What needs to be done:
When you reach the line containing "X0000059040622200511041638" in the entries below, begin reproducing lines exactly, and stop once the line containing "20210426 Rehbock mitten" is done.

Data for analysis:
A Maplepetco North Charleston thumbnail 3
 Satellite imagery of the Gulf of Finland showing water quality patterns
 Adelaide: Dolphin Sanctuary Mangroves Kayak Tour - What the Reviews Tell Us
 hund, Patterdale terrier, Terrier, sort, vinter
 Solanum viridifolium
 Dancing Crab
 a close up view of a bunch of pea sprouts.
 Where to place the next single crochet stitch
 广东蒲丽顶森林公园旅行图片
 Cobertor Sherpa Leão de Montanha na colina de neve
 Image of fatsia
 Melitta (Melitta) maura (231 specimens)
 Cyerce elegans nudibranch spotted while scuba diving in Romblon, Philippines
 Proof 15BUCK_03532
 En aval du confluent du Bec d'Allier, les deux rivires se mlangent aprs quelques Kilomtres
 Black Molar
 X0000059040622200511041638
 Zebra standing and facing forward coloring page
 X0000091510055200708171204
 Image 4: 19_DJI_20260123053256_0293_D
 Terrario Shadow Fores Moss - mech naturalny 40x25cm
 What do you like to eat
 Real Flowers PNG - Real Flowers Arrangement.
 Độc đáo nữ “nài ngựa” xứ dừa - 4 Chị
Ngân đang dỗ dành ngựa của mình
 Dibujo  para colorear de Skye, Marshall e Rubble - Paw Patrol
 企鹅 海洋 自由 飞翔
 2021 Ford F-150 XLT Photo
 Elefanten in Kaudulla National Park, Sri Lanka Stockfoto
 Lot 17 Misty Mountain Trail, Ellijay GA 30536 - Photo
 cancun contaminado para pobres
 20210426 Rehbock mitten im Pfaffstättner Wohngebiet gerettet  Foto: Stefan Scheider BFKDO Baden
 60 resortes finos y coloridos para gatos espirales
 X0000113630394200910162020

Output for this task:
 X0000059040622200511041638
 Zebra standing and facing forward coloring page
 X0000091510055200708171204
 Image 4: 19_DJI_20260123053256_0293_D
 Terrario Shadow Fores Moss - mech naturalny 40x25cm
 What do you like to eat
 Real Flowers PNG - Real Flowers Arrangement.
 Độc đáo nữ “nài ngựa” xứ dừa - 4 Chị
Ngân đang dỗ dành ngựa của mình
 Dibujo  para colorear de Skye, Marshall e Rubble - Paw Patrol
 企鹅 海洋 自由 飞翔
 2021 Ford F-150 XLT Photo
 Elefanten in Kaudulla National Park, Sri Lanka Stockfoto
 Lot 17 Misty Mountain Trail, Ellijay GA 30536 - Photo
 cancun contaminado para pobres
 20210426 Rehbock mitten im Pfaffstättner Wohngebiet gerettet  Foto: Stefan Scheider BFKDO Baden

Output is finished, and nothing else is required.